==== SUPPLIED MATERIAL

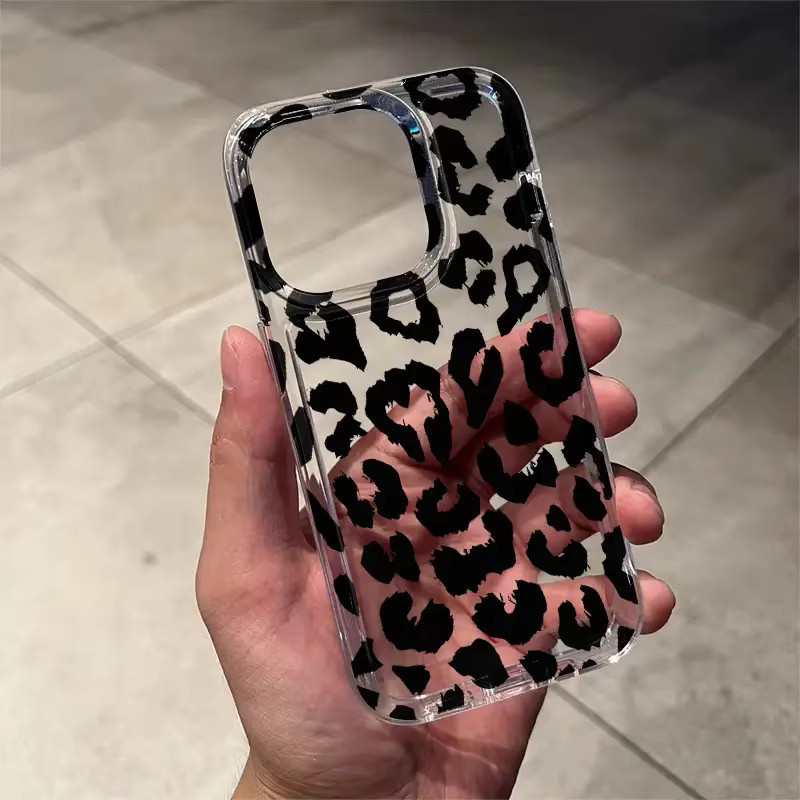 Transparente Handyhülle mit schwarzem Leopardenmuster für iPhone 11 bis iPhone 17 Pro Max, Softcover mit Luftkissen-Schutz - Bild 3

========
==== SUPPLIED MATERIAL

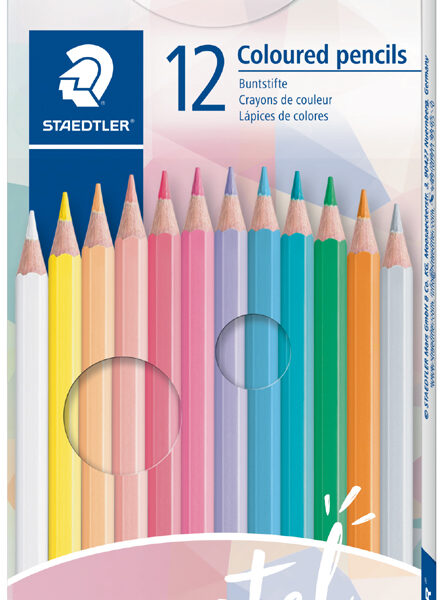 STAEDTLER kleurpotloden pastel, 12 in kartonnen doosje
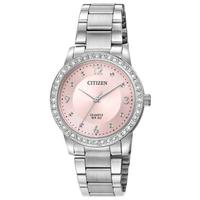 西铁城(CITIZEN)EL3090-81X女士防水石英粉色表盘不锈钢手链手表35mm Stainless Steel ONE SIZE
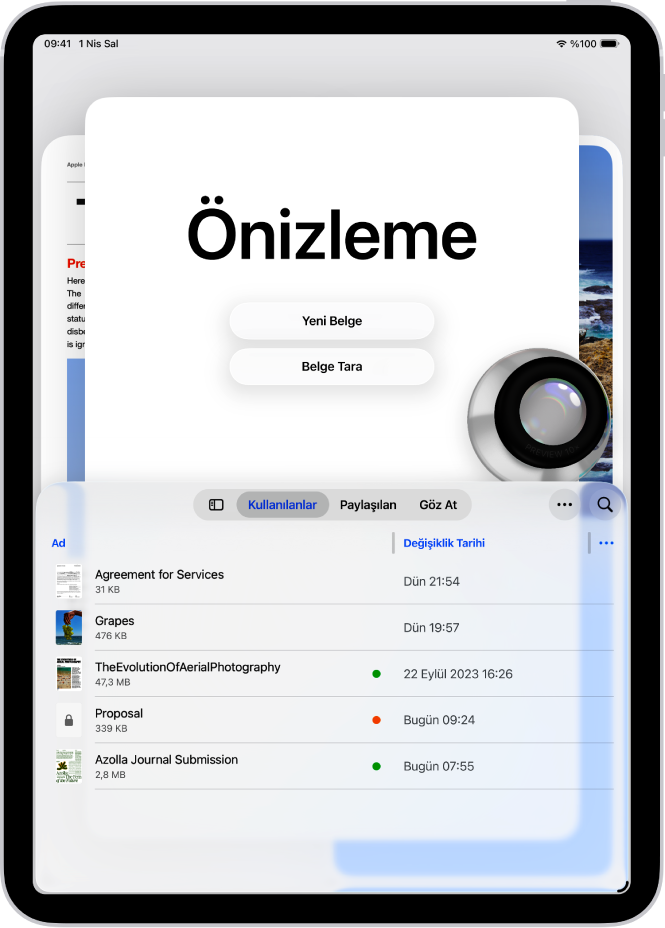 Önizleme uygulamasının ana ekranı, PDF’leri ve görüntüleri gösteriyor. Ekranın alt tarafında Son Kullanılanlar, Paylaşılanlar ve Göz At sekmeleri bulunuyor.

========

__WORK REQUIRED__. With pictures excluded, reproduce exactly the lines above from the one containing "STAEDTLER kleurpotloden pastel, 12" down to the one containing "西铁城(CITIZEN)EL3090-81X女士防水石英粉色表盘不锈钢手链手表35mm Stainless Steel", those two included.

__RESPONSE AREA__.
 STAEDTLER kleurpotloden pastel, 12 in kartonnen doosje
 西铁城(CITIZEN)EL3090-81X女士防水石英粉色表盘不锈钢手链手表35mm Stainless Steel ONE SIZE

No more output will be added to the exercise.